- INPUT RECORDS -
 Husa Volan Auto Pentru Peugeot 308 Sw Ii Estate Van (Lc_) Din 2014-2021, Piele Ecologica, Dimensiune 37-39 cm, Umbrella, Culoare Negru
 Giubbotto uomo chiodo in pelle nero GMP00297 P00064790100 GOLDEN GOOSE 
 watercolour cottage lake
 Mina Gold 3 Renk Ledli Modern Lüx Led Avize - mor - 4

...

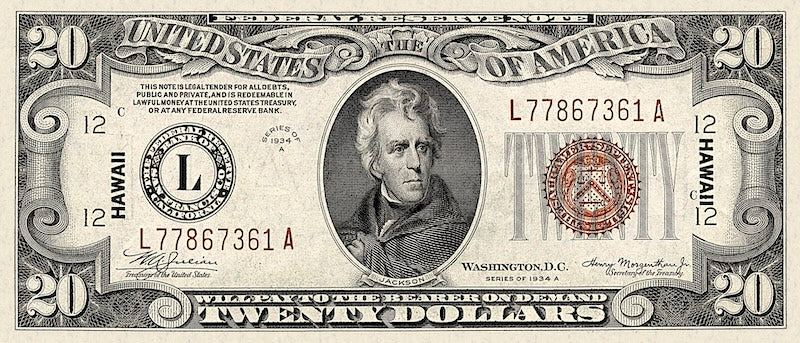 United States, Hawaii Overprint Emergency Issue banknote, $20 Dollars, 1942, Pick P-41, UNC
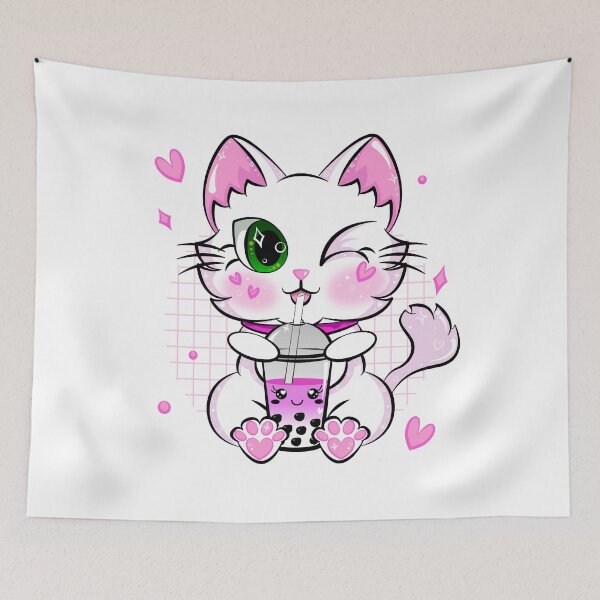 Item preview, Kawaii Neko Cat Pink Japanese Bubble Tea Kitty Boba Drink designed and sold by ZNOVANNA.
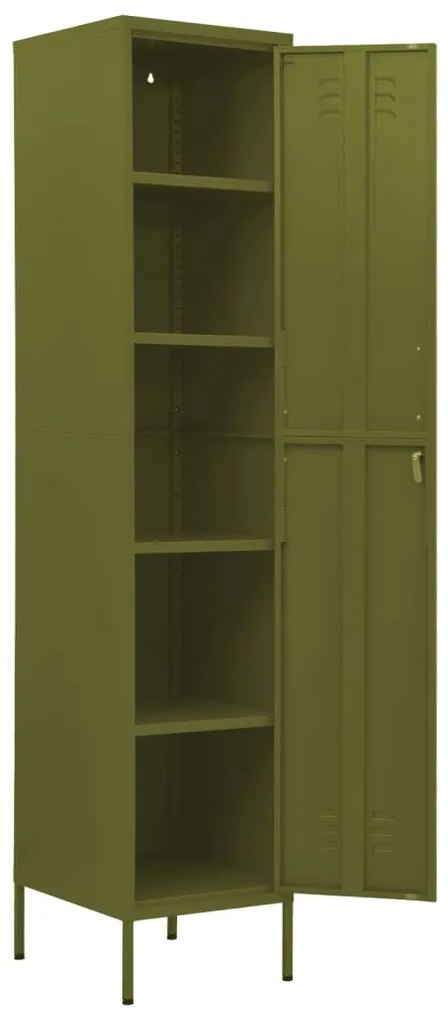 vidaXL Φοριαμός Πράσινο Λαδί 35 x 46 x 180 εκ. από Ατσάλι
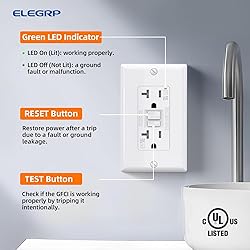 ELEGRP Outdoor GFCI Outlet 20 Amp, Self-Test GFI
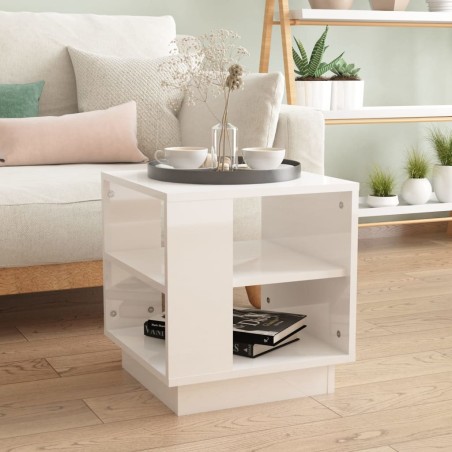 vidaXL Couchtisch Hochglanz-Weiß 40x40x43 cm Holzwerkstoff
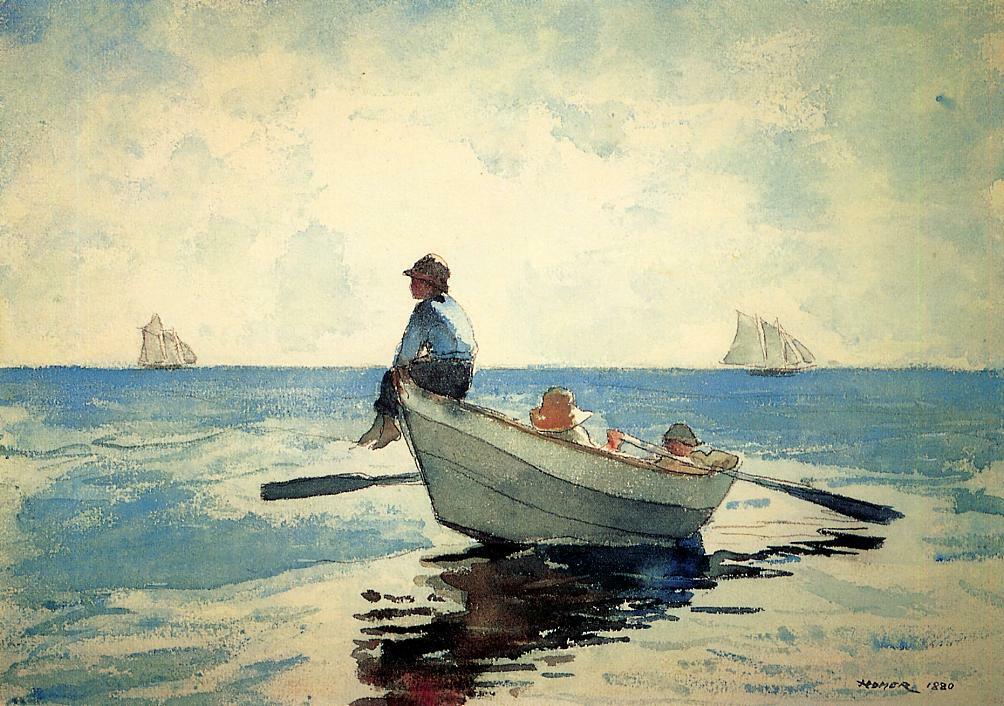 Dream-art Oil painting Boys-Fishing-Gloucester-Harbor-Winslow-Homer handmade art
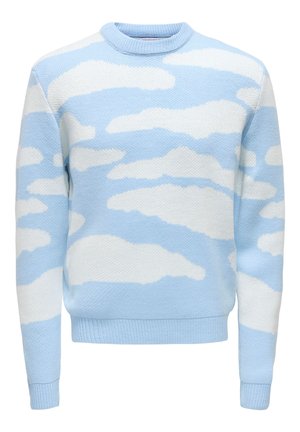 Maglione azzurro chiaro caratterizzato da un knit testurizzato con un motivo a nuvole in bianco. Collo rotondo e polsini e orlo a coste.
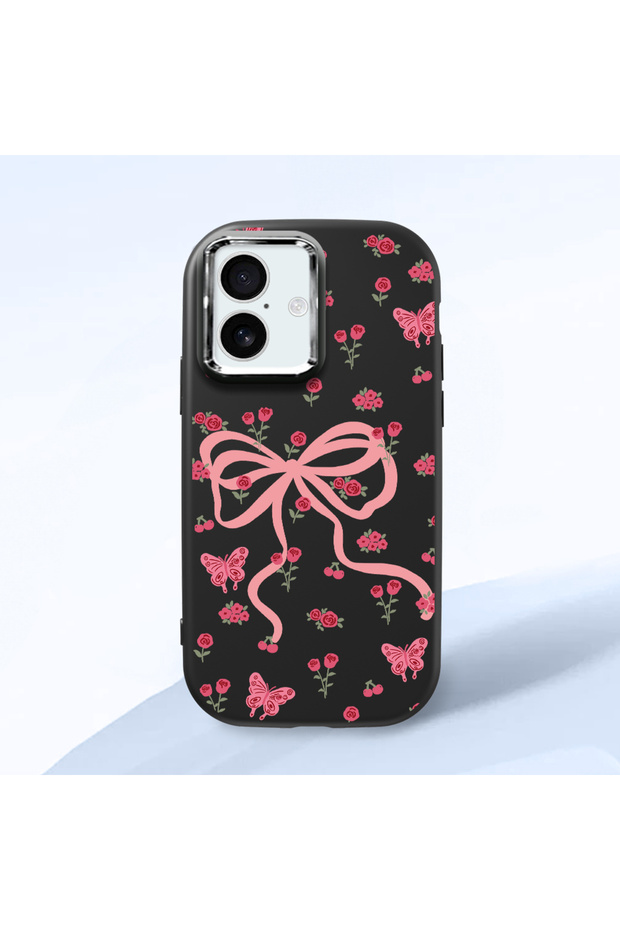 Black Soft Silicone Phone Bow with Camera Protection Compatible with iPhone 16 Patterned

* * *

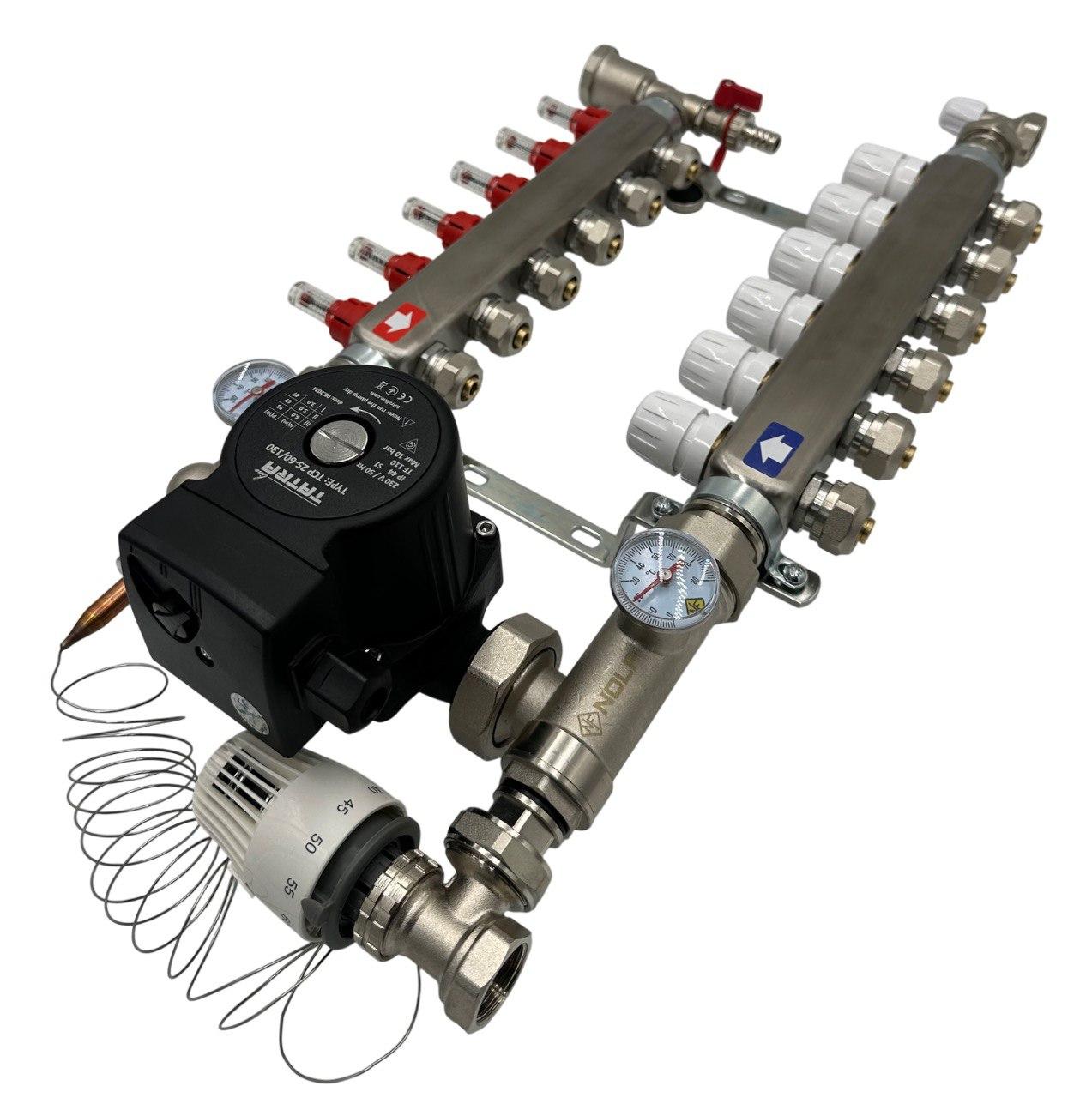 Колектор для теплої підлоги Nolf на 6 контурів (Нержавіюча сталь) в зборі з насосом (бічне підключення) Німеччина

- WORK ORDER -
What you return must match the lines above from the one with "ELEGRP Outdoor GFCI" through the one with "Maglione azzurro chiaro" exactly, with both ends included and the pictures excluded.

- ANSWER TO THIS PROBLEM -
 ELEGRP Outdoor GFCI Outlet 20 Amp, Self-Test GFI
 vidaXL Couchtisch Hochglanz-Weiß 40x40x43 cm Holzwerkstoff
 Dream-art Oil painting Boys-Fishing-Gloucester-Harbor-Winslow-Homer handmade art
 Maglione azzurro chiaro caratterizzato da un knit testurizzato con un motivo a nuvole in bianco. Collo rotondo e polsini e orlo a coste.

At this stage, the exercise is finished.